Seven members of the management team acknowledge that there was a climate of tension and mistrust.

The independent report found evidence of bullying, harassment, sexism and racism.

Poor handling of an effort to decentralise the organisation from its global headquarters in London and put staff in high-risk regions put workers' lives in unnecessary turmoil, the review, revealed late last month, said.

Working conditions at Amnesty were exposed in the review, launched after two staff members died by suicide last year, that found "organisational culture and management failures" were the root cause of deep staff unhappiness.

The poor management compounded job pressures for the Amnesty staff of about 2,500 who routinely work on cases of detentions, disappearances, killings, torture and other human rights abuses around the world, an external review found.

Amnesty's senior leadership team members wrote in their letter that they "take shared responsibility for the climate of tension and mistrust.
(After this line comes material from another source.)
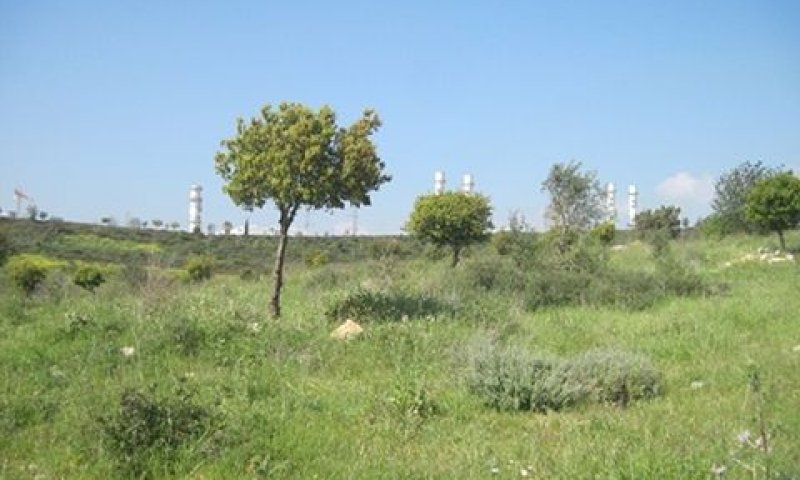 נוף מצפור יער חגית [צילום: ארכיון צילומי קק"ל]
"Whilst it was never our intention to inflict pain on anyone, we must accept that this did unfortunately occur," they said in the letter. 

"Everyone of us is ready to step aside," they said.

Amnesty International Secretary-General Kumi Naidoo said he may not accept all the resignation offers but that his priority is to rebuild trust.

"These are dangerous times, and Amnesty is needed now more than ever," he wrote in an emailed statement.
 

Triggering the review were the deaths of Gaetan Mootoo, a 30-year Amnesty veteran who took his own life in Paris in May 2018,leaving a note citing work pressures, and Rosalind McGregor, a 28-year-old intern in Geneva who died by suicide in July 2018.

Efforts by the organisation to address its problems have been "ad hoc, reactive, and inconsistent," the report said, and the senior leadership team was described by staff as out-of-touch, incompetent and callous.

The leadership team members signing the letter were the senior directors of research, the secretary-general's office, global fundraising, global operations, people and services, law and policy and campaigns and communications.